LoopVectorizer: shufflevectors

To me, this looks like something the LoopVectorizer is neglecting and
should be combining.

It's not up to the vectoriser to combine code.

But it could be up to the vectoriser to generate less bloated code,
given it's a small change.

That's my point above.

We should note that
1) Loop Vectorizer is not the only place that generates vectorized IR. For example, programmer's intrinsic vector code, after inlining etc. might show the same problem. Any optimizations added within LV won't be applied when other parts of the compiler is generating vectorized IR.
2) Vectorizer's main job is generating widened vector code that is easier to optimize later on, not necessarily generating highly optimized vector code on its own.
3) Cost modeling correctly (and as a result choosing good VF) is a more important problem, than performing the optimization within the vectorizer itself.
4) If cost modeling is taking optimization into account, LV has a chance of generating optimized code. That doesn't necessarily mean LV should ---- back to 1).
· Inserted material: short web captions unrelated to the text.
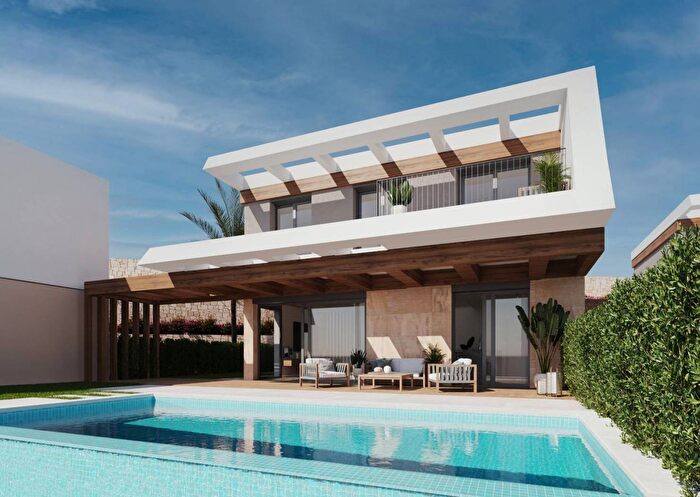 Casa en venta de 3 habitaciones, Comunitat Valenciana, Alicante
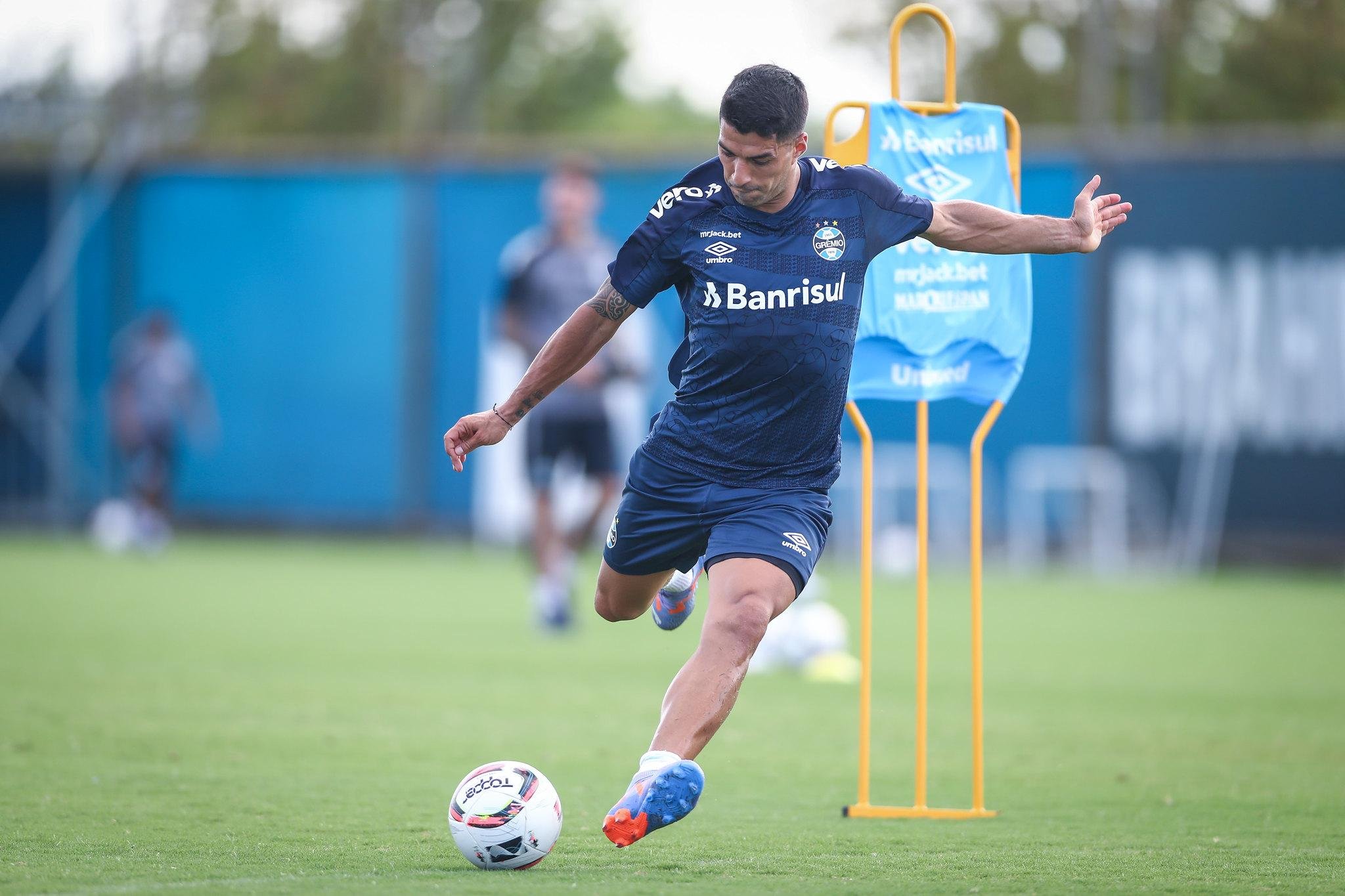 Luis Su&aacute;rez &eacute; a esperan&ccedil;a de gols do Tricolor em Caxias do Sul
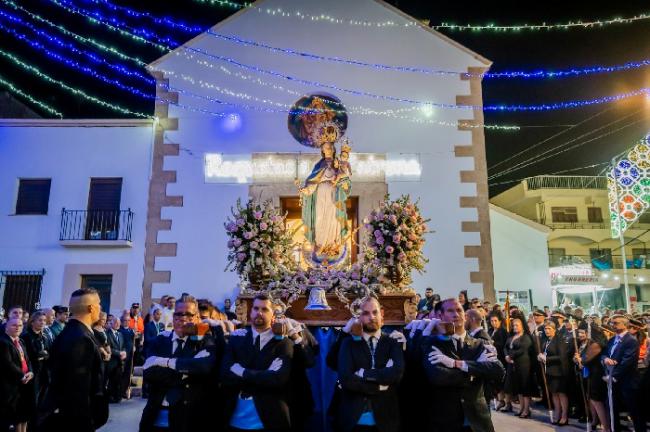 La Virgen del Rosario desfiló en Roquetas de Mar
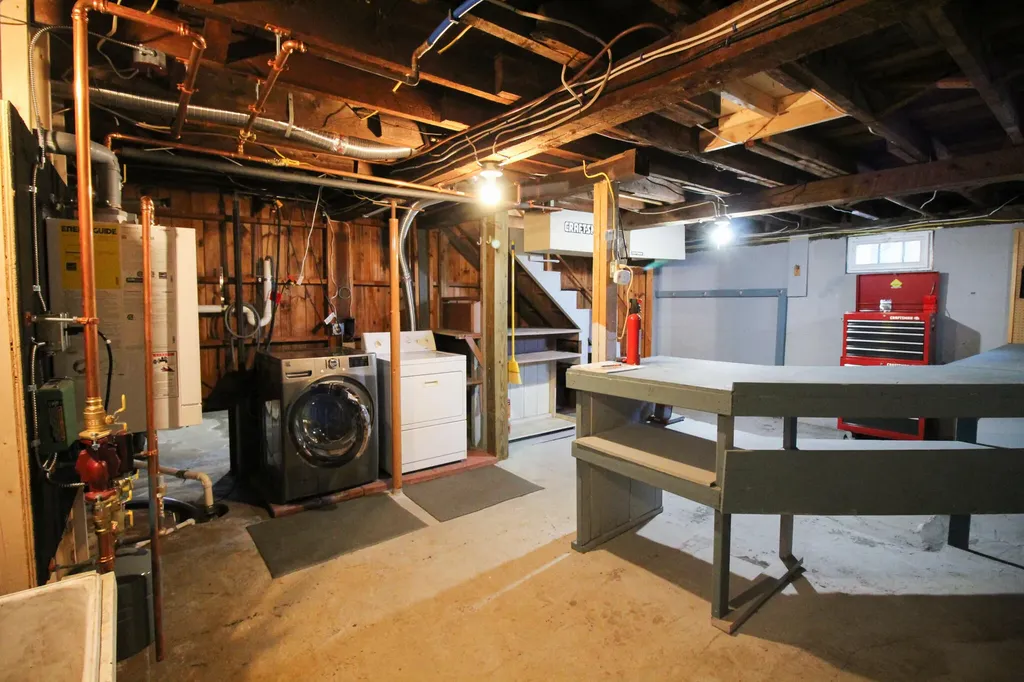 173 Western Avenue Hampden ME 04444
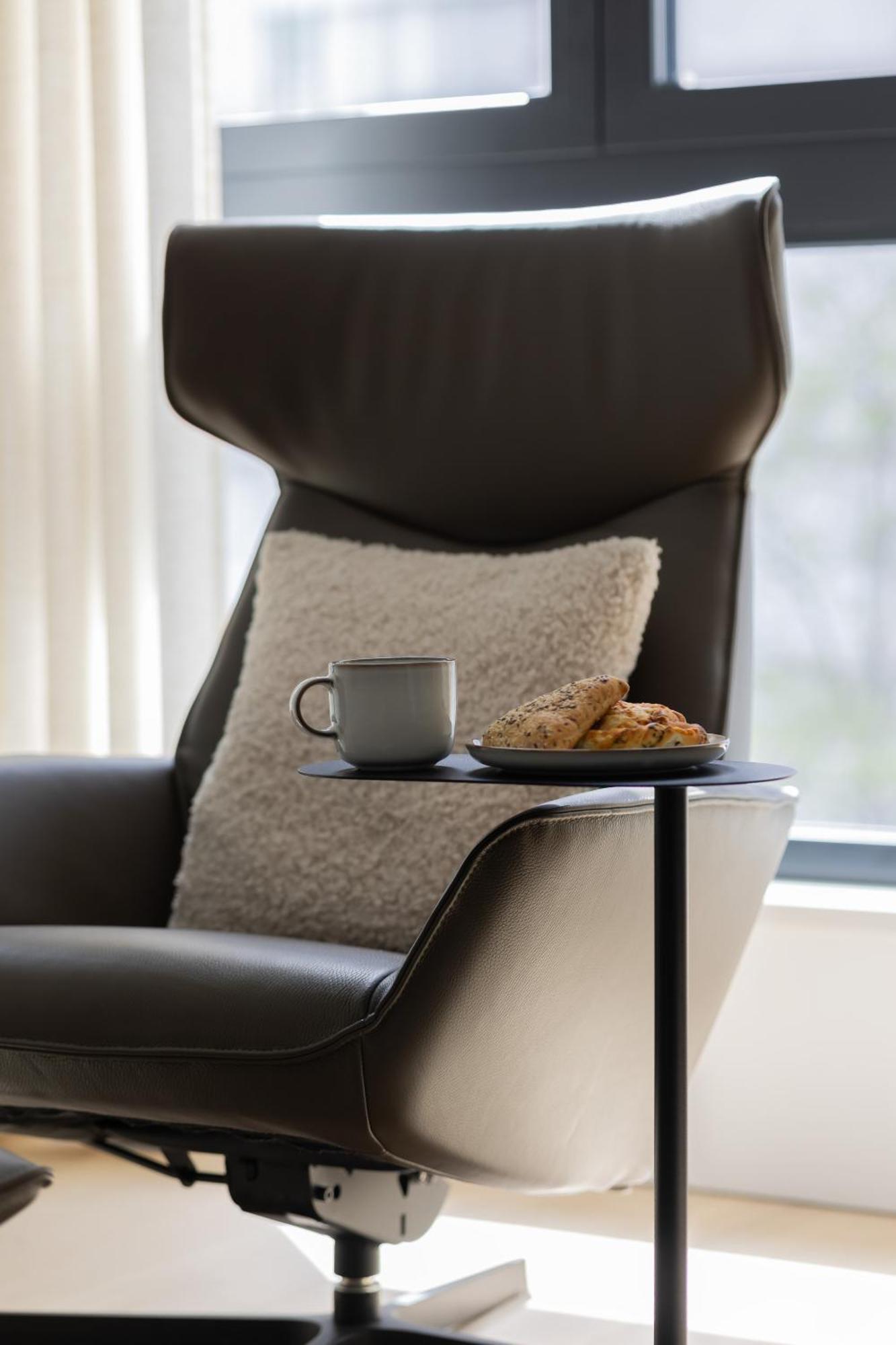 Apartment Stylish Grzybowska By Renters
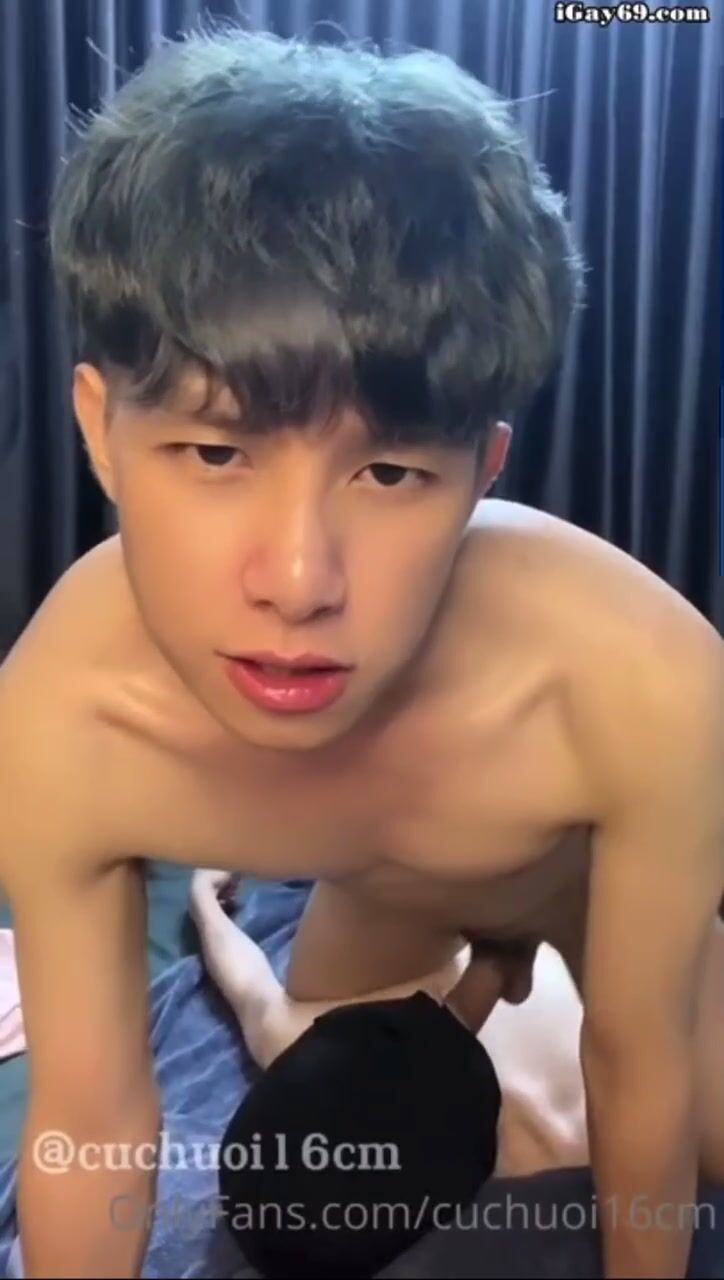 Vietnamesischer 18-jähriger twink beim blowjob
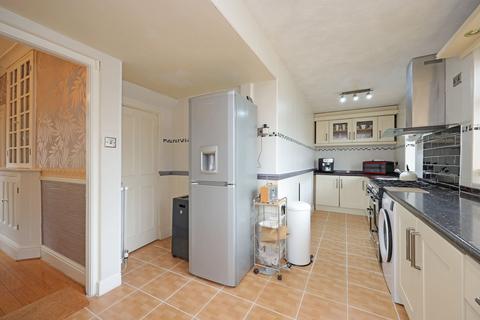 2 bedroom detached house for sale, The Avenue, Hartshill, ST4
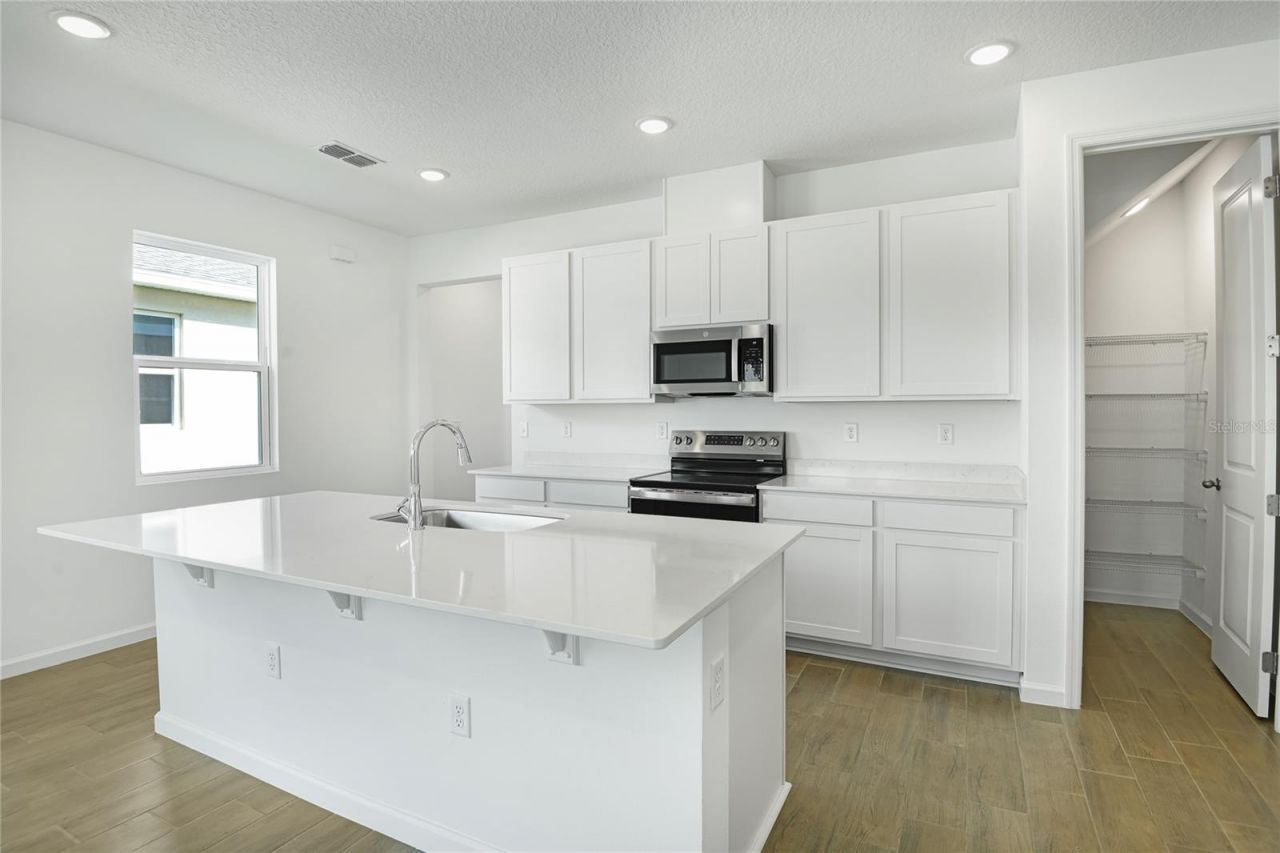 1015 Wisteria Way, Dundee, FL 33838 Photo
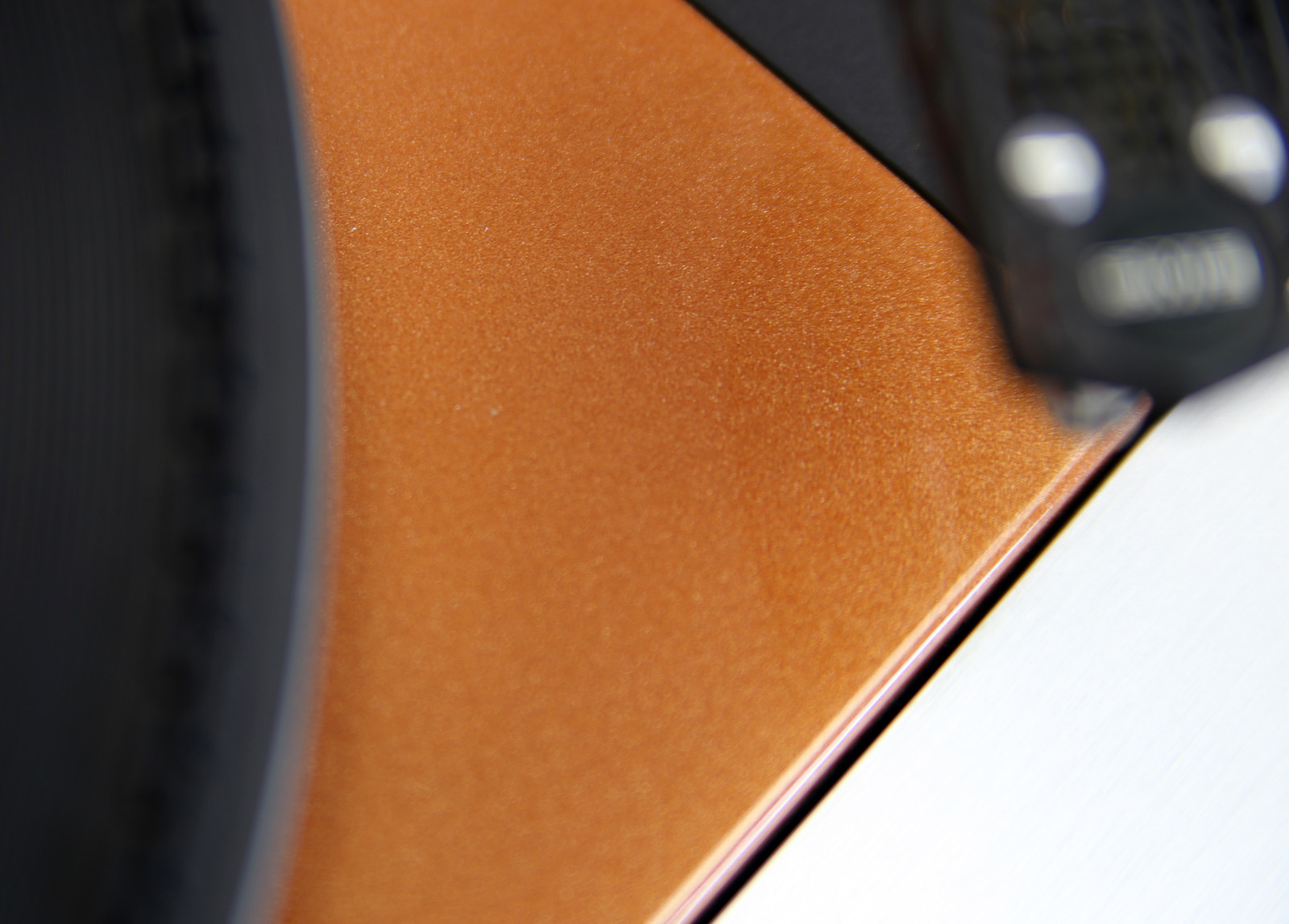 We restore your Thorens TD 125 Turntable Black or White – Orange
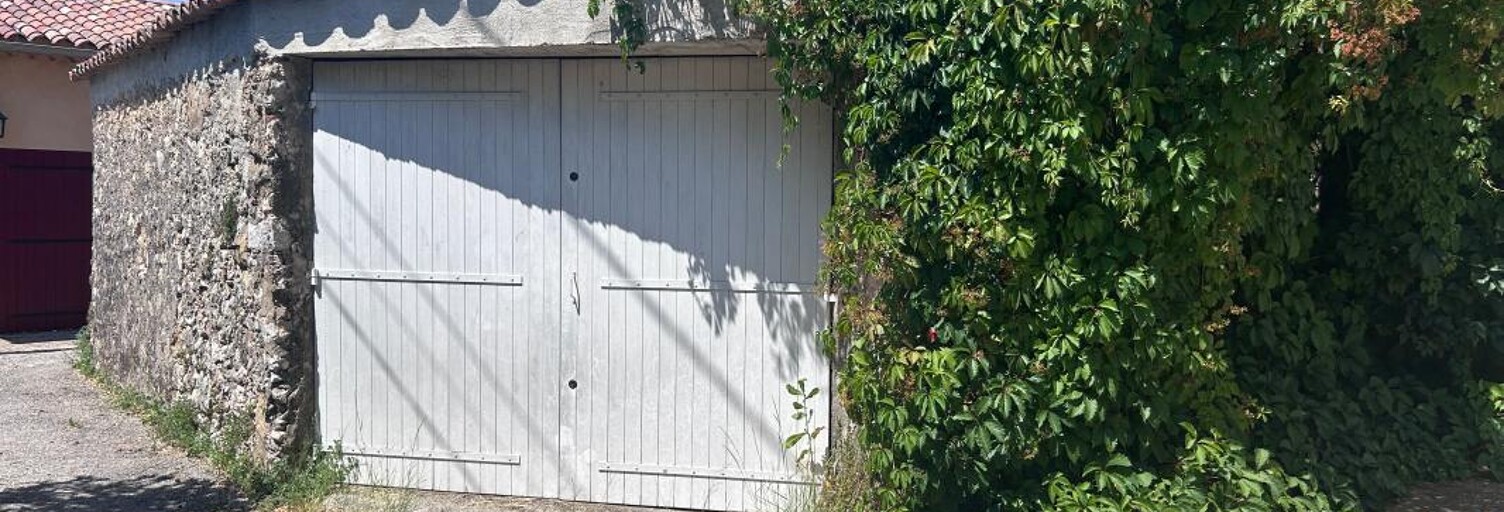Immeuble  225 m² à vendre à Régusse (83630)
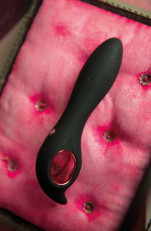 Selene - Vibromasseur - Soie du Corbeau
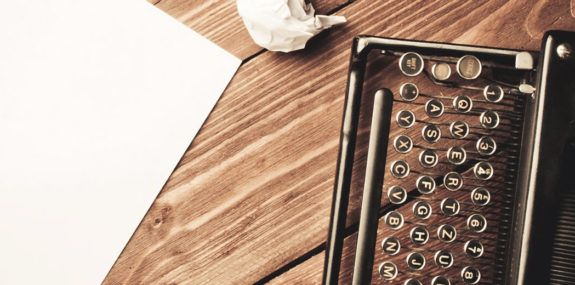 Печатная машинка и белый лист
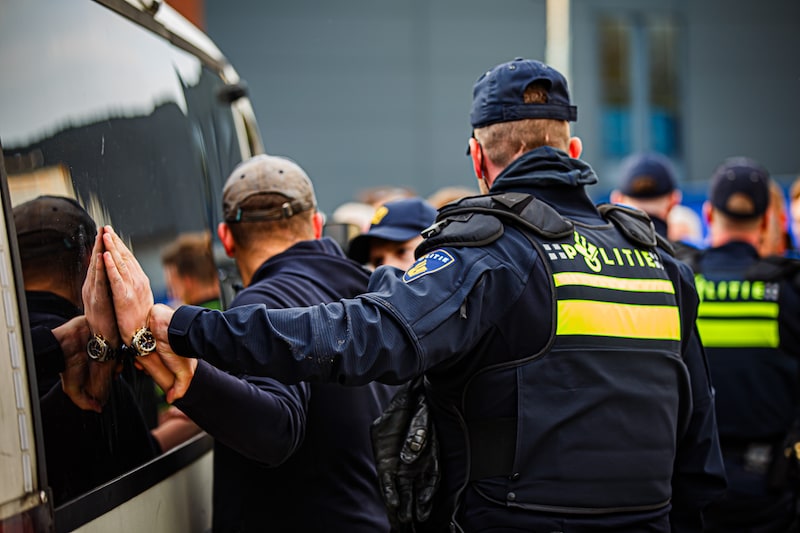 Een aanwezige werd gefouilleerd.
The last thing we want would be making LV a gigantic monolithic optimizer that is so hard to maintain.

I think we should talk about how much complexity we would be adding for general "vectorized load/store optimization", and whether we should have a separate post-vectorizer optimizer doing it (while LV still needs to understand the cost modeling aspect of that optimization, in order to choose the right VF). This should include a discussion about moving interleave memory access optimization from LV to there. Adding a small new optimization here and there to LV can have a snowball effect.

Thanks,
Hideki

I think we should talk about how much complexity we would be adding for general "vectorized load/store optimization", and whether we should have a separate post-vectorizer optimizer doing it (while LV still needs to understand the cost modeling aspect of that optimization, in order to choose the right VF).

I imagine it would be a lot easier to plug loop-vectorisation-specific
clean up passes in a VPlan model than today. But as you said, this is
only part of the vectorised code the middle end generates.

While LV could (potentially) generate less bloated code, which would
also help clean up passes to do their jobs better, it will have to be
very conservative and extensively tested.

This should include a discussion about moving interleave memory access optimization from LV to there. Adding a small new optimization here and there to LV can have a snowball effect.

I agree that interleave access is not exclusive to loop vectorisation
and that it should be moved to a higher position (some of your patches
earlier this year come to mind).

But, as I said back then, before we do so, we need to understand
exactly where to put it. That will depend on what other passes will
actually use it and if we want it to be a utility class or an analysis
pass, or both.

Have you compiled a list of passes that could benefit from such a move?

cheers,
--renato